RALEIGH, N.C. (WTVD) -- As rental prices continue to soar in North Carolina, affordable rentals are few and far between.
The lack of low-cost housing makes it especially hard for people with Housing Choice vouchers--also known as Section 8--to find a place to call home, and some are even losing their opportunity to use the program.
Raleigh resident Letrice Cox said she's had a tough go during the past six months-spending more than $1,000 just on application fees for places to accept her Section 8 voucher.
"It's hard," Cox said. "I've spent all my money I had saved."
Cox's voucher is for $1,177 for an apartment for her and her kids. That's just about $50 shy of last year's fair market rent for a two-bedroom apartment-which the Raleigh Housing Authority uses to calculate its grants to awardees.
However, according to the real estate website Zumper.com, the average rent for a two bedroom apartment in the Triangle is about $1,600 per month, $400 more than the voucher. And Cox said additional requirements make finding an apartment nearly impossible.
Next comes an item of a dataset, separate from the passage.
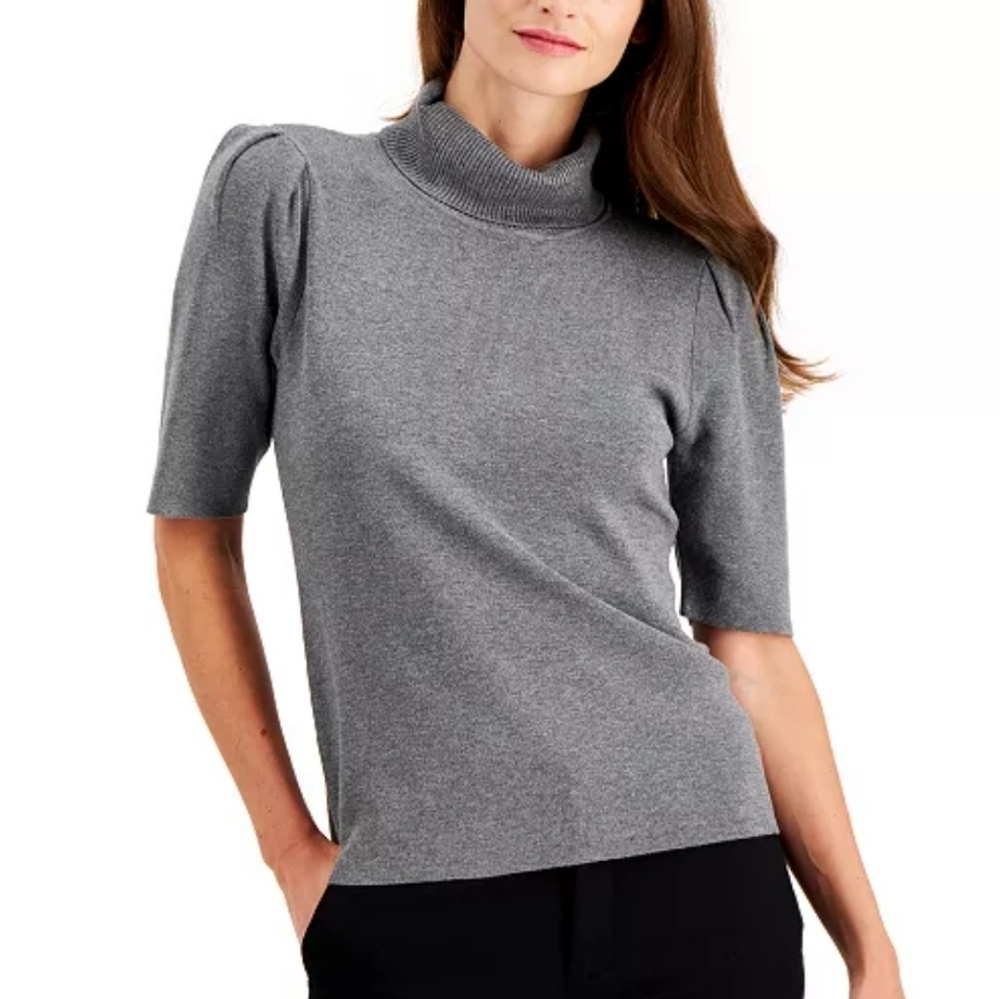 Alfani Gray Turtleneck Top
"It's hard because you've got to make four times the rent," Cox said. "You know, everybody don't make four times the rate, especially if you're a single parent."
The Raleigh Housing Authority has extended her voucher three times to help her buy more time.
"They only give you 30 days," Cox said. "So after the 30 days is up after the three is over, they take it."
Cox said since she couldn't find a landlord to accept her Section 8 voucher, she and her kids have nowhere to go.
Sherri Harris is facing a similar situation.
"I'm trying everything--apartments, condos, everything. Sublease, everything," Harris said. "I can't, no one will bite."
Harris spent years on the waiting list before finally getting her voucher, but found it's not nearly enough to cover the cost of rent in Raleigh.
"I can't find anything under $1,400, period," Harris said. "I mean a two bedroom, one bath, and it was built in 1966."
According to both Durham Housing Authority and Raleigh Housing Authority, housing choice tenants pay 30% of their monthly income toward rent, with at least $50 going to rent and utilities.
Under the Fair Housing Act, landlords are not required to accept Housing Choice Vouchers. While landlords cannot discriminate based on gender, race or ability, they can screen for income, rent history, lease compliance and criminal background.
Before paying application fees...
- Ask if the landlord/property management company accepts Section 8 vouchers
- Ask how much past rental history affects chances of approval
- Ask how many people have already applied for the rental unit.